• [TRY IT]:
From the first line to the last, write out the data below exactly.

• [MATERIAL PROVIDED]:
========
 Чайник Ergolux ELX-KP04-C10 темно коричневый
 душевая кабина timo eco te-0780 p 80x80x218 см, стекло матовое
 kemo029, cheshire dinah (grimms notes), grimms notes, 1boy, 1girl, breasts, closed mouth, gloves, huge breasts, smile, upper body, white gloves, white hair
========
• [OUTPUT BELOW]:
 Чайник Ergolux ELX-KP04-C10 темно коричневый
 душевая кабина timo eco te-0780 p 80x80x218 см, стекло матовое
 kemo029, cheshire dinah (grimms notes), grimms notes, 1boy, 1girl, breasts, closed mouth, gloves, huge breasts, smile, upper body, white gloves, white hair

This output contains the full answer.